• **Activity**
Please copy all of the data that follows exactly, leaving any pictures out.

• **Data block**
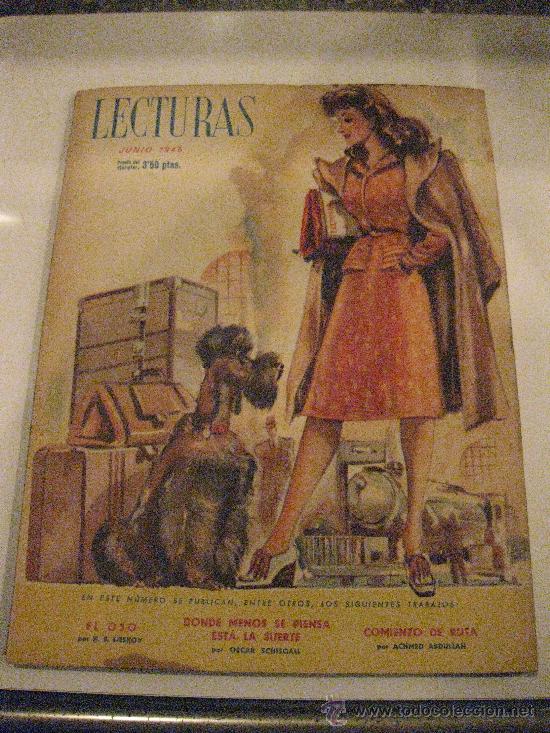 Coleccionismo de revistas: LECTURAS. JUNIO 1945. MARTA EGGERTH LA VIUDA ALEGRE. - Foto 1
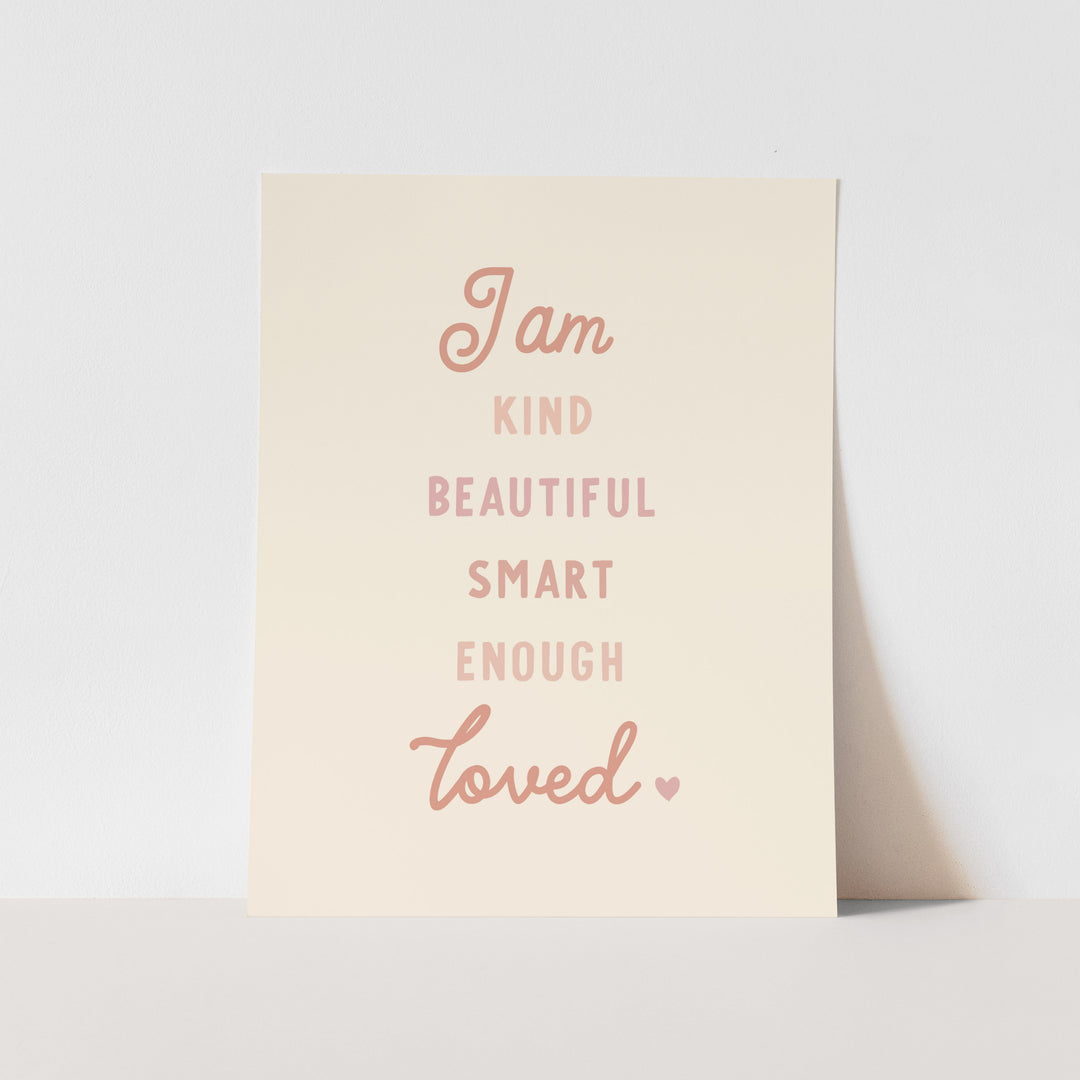 {Pink} Affirmations Art Print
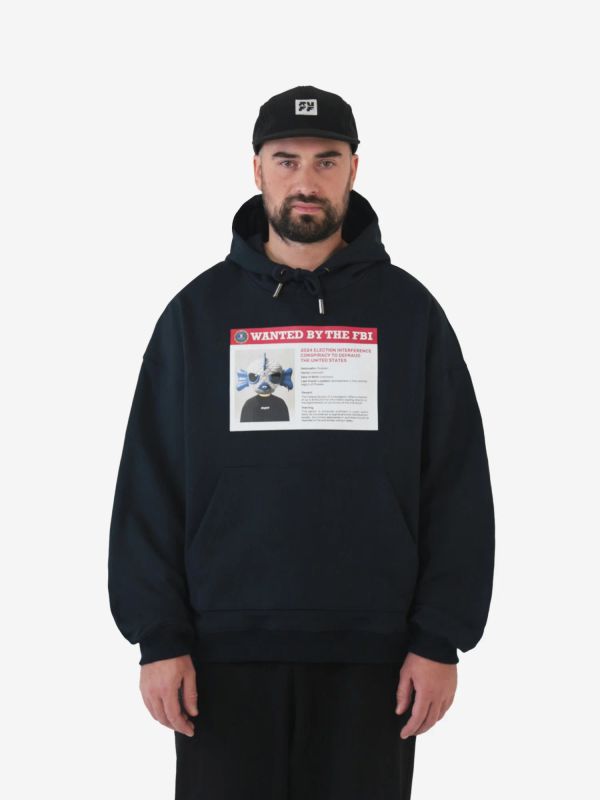 Худи Wanted by the FBI navy - фото 1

• **Completed exercise**
 Coleccionismo de revistas: LECTURAS. JUNIO 1945. MARTA EGGERTH LA VIUDA ALEGRE. - Foto 1
 {Pink} Affirmations Art Print
 Худи Wanted by the FBI navy - фото 1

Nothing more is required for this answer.